To do — No pictures go in the copy; retype exactly the lines from the one with "732 - A mid-century" through the last line of the records.

Working data —
▼
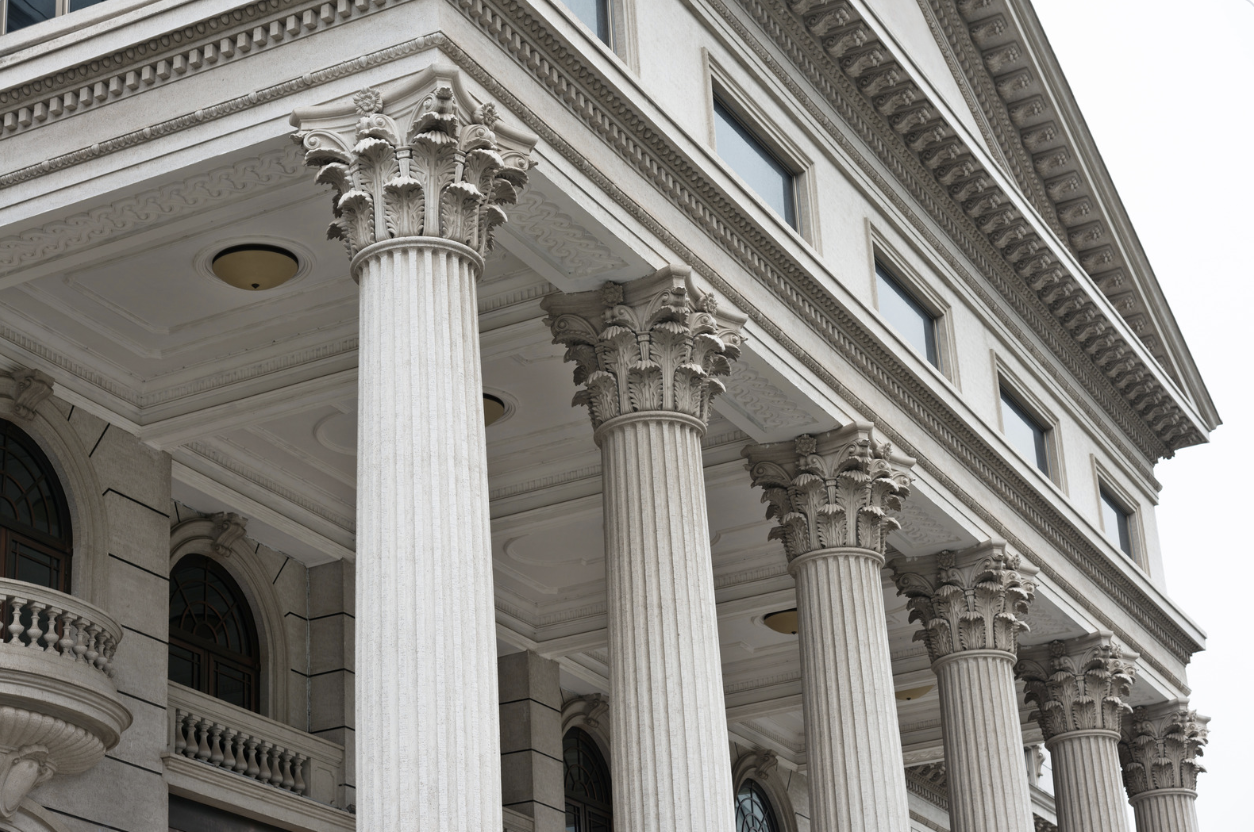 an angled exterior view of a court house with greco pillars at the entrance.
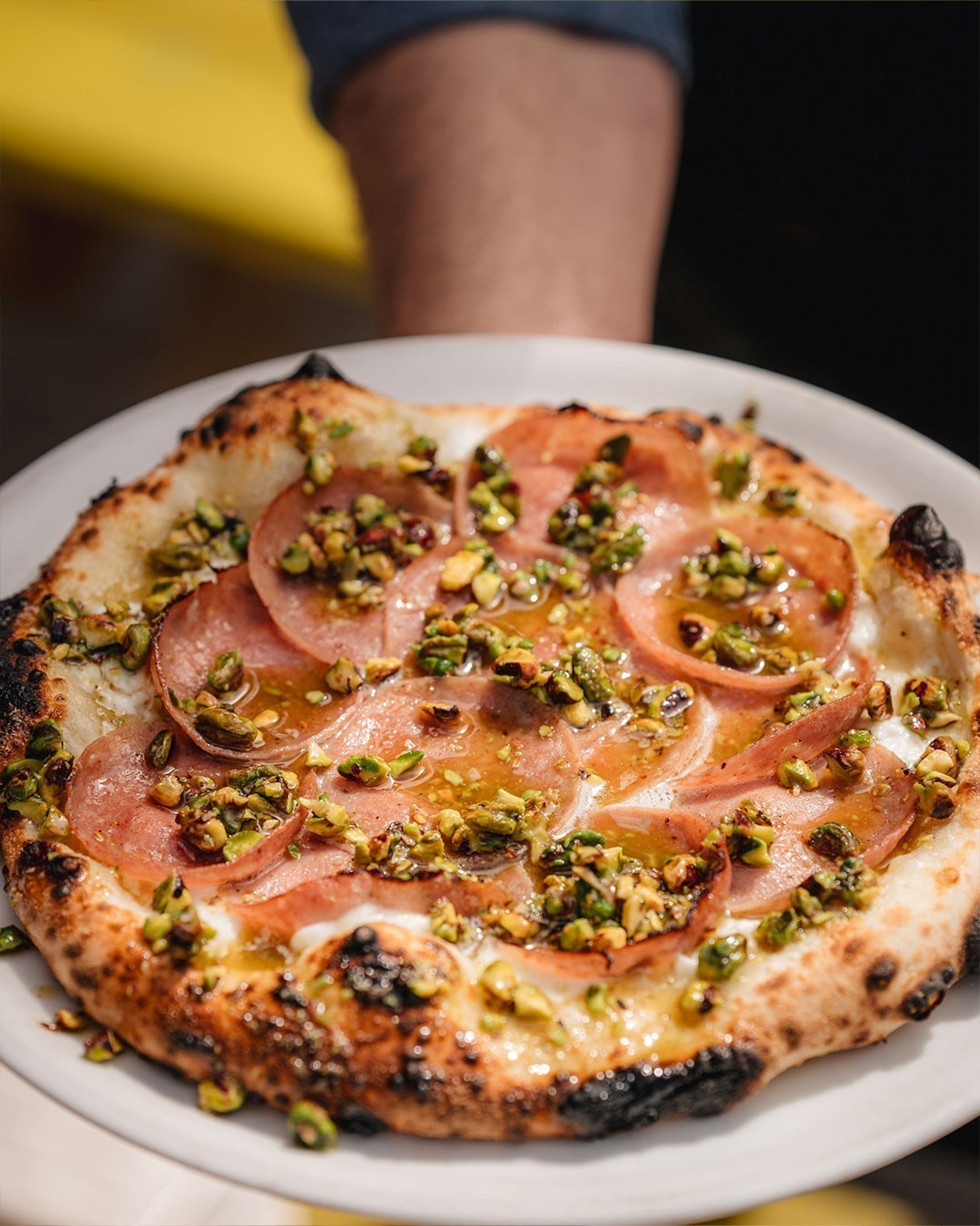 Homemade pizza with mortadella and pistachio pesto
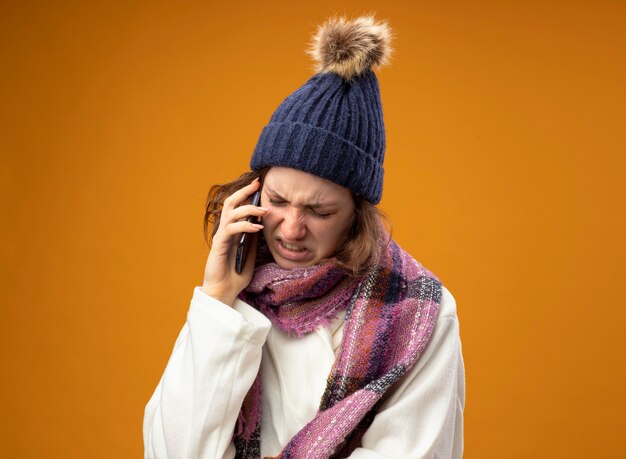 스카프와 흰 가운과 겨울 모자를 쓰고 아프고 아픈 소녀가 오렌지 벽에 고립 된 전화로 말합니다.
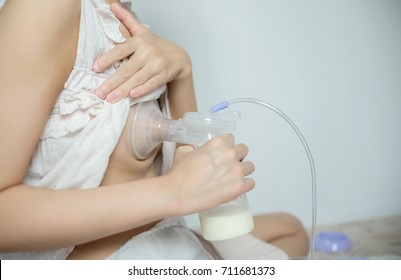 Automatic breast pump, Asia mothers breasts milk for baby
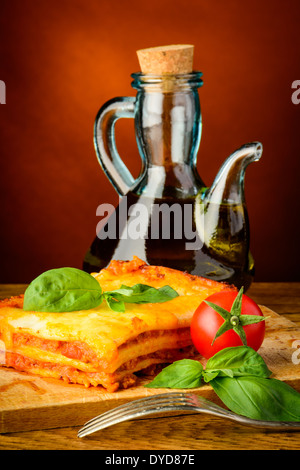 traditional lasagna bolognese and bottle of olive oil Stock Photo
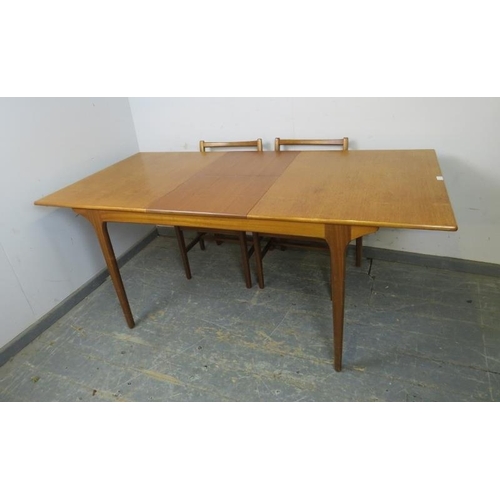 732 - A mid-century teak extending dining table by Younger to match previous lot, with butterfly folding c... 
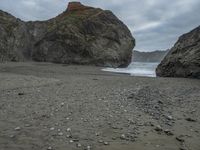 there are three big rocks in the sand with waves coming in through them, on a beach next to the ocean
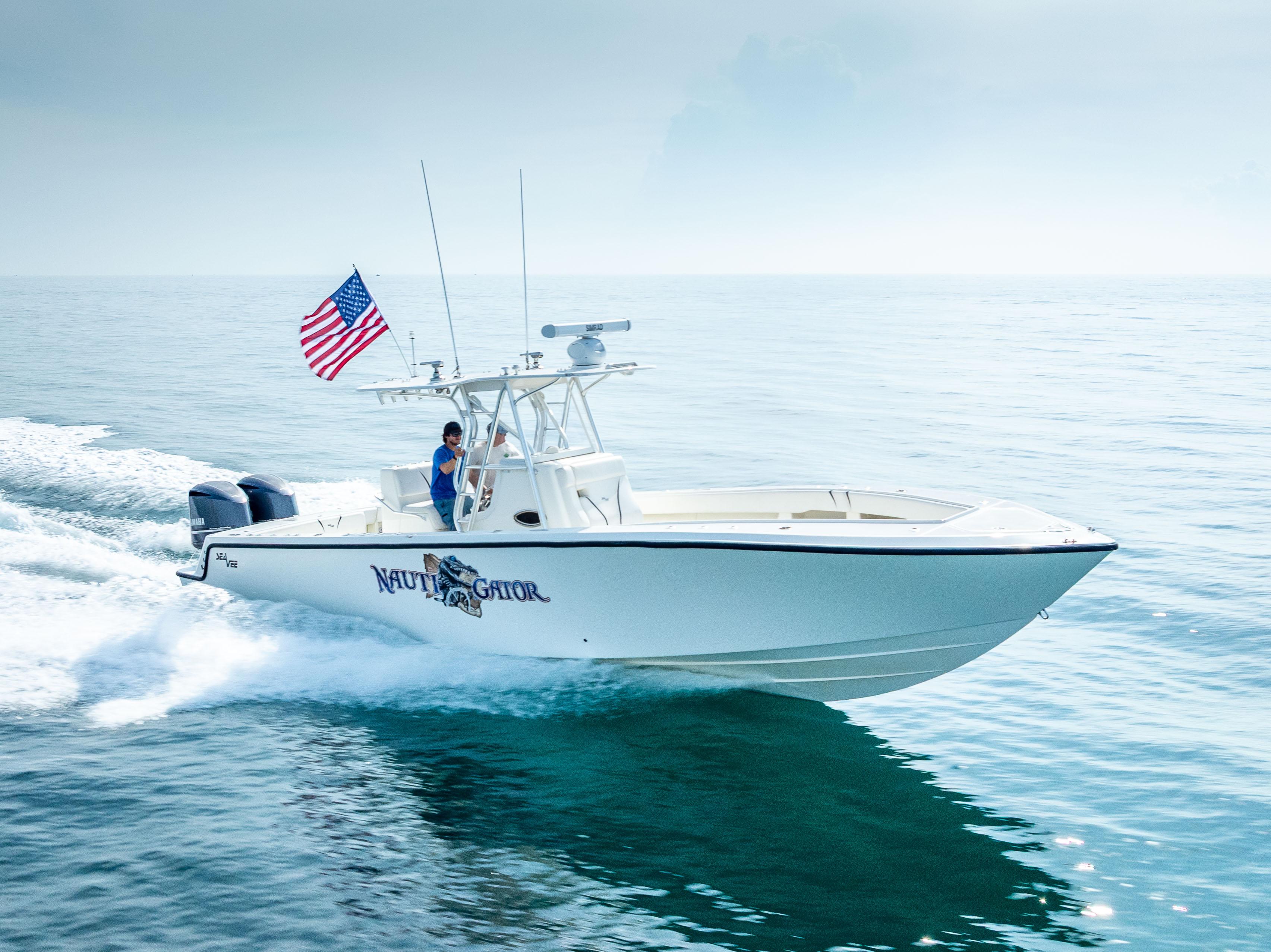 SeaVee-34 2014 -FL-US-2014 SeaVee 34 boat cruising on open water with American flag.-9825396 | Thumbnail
▲
Your response —
 732 - A mid-century teak extending dining table by Younger to match previous lot, with butterfly folding c... 
 there are three big rocks in the sand with waves coming in through them, on a beach next to the ocean
 SeaVee-34 2014 -FL-US-2014 SeaVee 34 boat cruising on open water with American flag.-9825396 | Thumbnail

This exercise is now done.